WASHINGTON — After months of surreality, the Iraq debate has quite abruptly acquired a relationship to reality. Following the Democratic victory last November, panicked Republican senators began rifling the thesaurus to find exactly the right phrase to express exactly the right nuance to establish exactly the right distance from the president's Iraq policy, while Murtha Democrats searched for exactly the right legislative ruse to force a retreat from Iraq without appearing to do so.
In the last month, however, as a consensus has emerged about realities on the ground in Iraq, a reasoned debate has begun. A number of fair-minded observers, both critics and supporters of the war, agree that the surge has yielded considerable military progress, while at the national political level the Maliki government remains a disaster.
The latest report from the battlefield is from Carl Levin, Democratic chairman of the Senate Armed Services Committee and a strong Iraq War critic.

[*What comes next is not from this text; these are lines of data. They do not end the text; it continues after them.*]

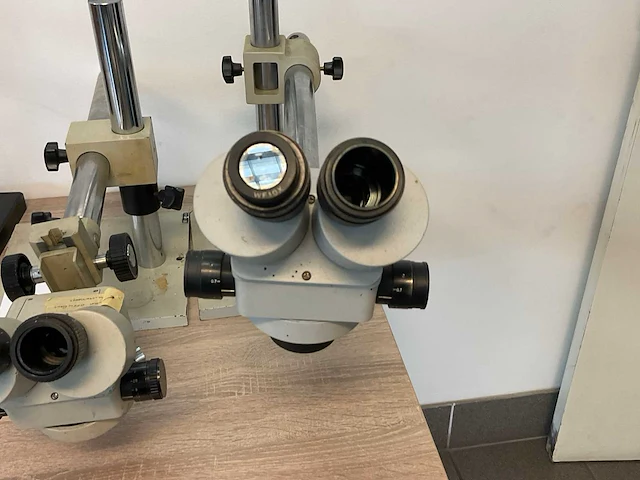 Microscope divers (2x) - afbeelding 3 van  7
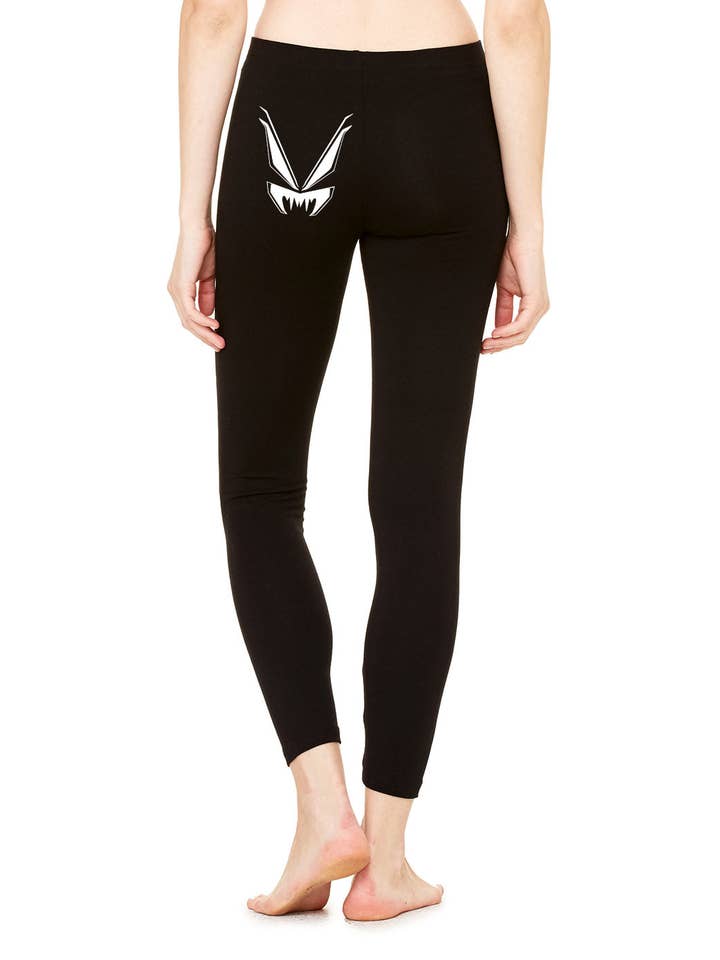 vampirefreaks - Wholesale Athletic/Lounge Leggings - Women's - Moon Phase Leggings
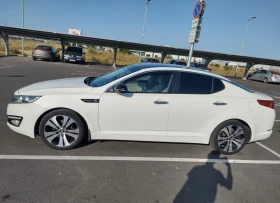 Kia Optima 2.0 ГАЗ-БЕНЗИН, АВТОМАТИК, снимка 2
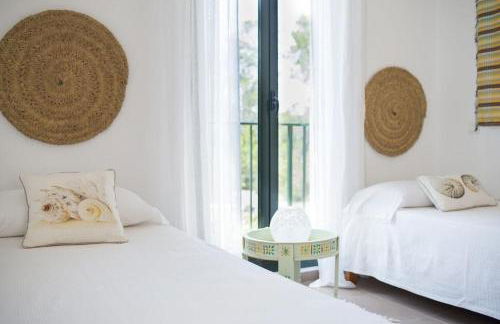 Sunset sea view & garden Spa Cala Tarida 6p max - Foto 21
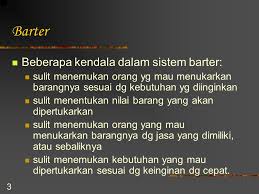 1) peranan dan fungsi uang dalam perekonomian. Uang Ppt Download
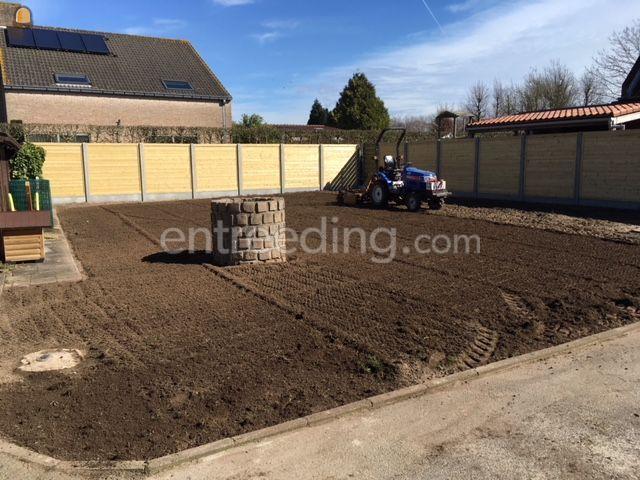 Grote en kleine grondwerken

He returned saying essentially what we have heard from Michael O'Hanlon and Kenneth Pollack of the Brookings Institution and various liberal congressmen, the latest being Brian Baird, D-Wash.: Al-Qaeda has been seriously set back as Sunni tribal leaders in Anbar, Diyala and other provinces switched from the insurgency to our side.
The song from the Washington politicians has changed. Now there appears to be a growing choir singing the praises of American troops making real progress while simultaneously damning the Maliki government for "doing nothing". (I point out, yet again, that I think that is a really foolish tack for the Congress – either party – to take given their bleak track record of accomplishments.) That appears to be the "rational discourse" that has been settled on. Taking that as a starting point, various people are flogging that in various directions. I suppose it is at least a start. But Krauthammer also points out one undeniable fact:
Serious people like Levin argue that with a nonfunctional and sectarian Baghdad government, we can never achieve national reconciliation. Thus the current military successes will prove ephemeral.
The problem with this argument is that it confuses long term and short term. In the longer run, there must be a national unity government. But in the shorter term, our assumption that a national unity government is required to pacify the Sunni insurgency turned out to be false. The Sunnis have turned against al-Qaeda and are gradually switching sides in the absence of any oil, federalism or de-Baathification deal coming out of Baghdad.
In the interim, the surge is advancing our two immediate objectives in Iraq: (a) to defeat al-Qaeda in Iraq and prevent the emergence of an al-Qaeda mini-state, and (b) to pacify the Sunni insurgency, which began the post-liberation downward spiral of sectarian bloodshed, economic stagnation and aborted reconstruction.
The surge is working despite the lack of progress on the political side. That's an important point to remember when you hear all the pontificating and spin from the politicians. There will be a lot of very serious pronouncements and firm positions taken, but that fact really matters.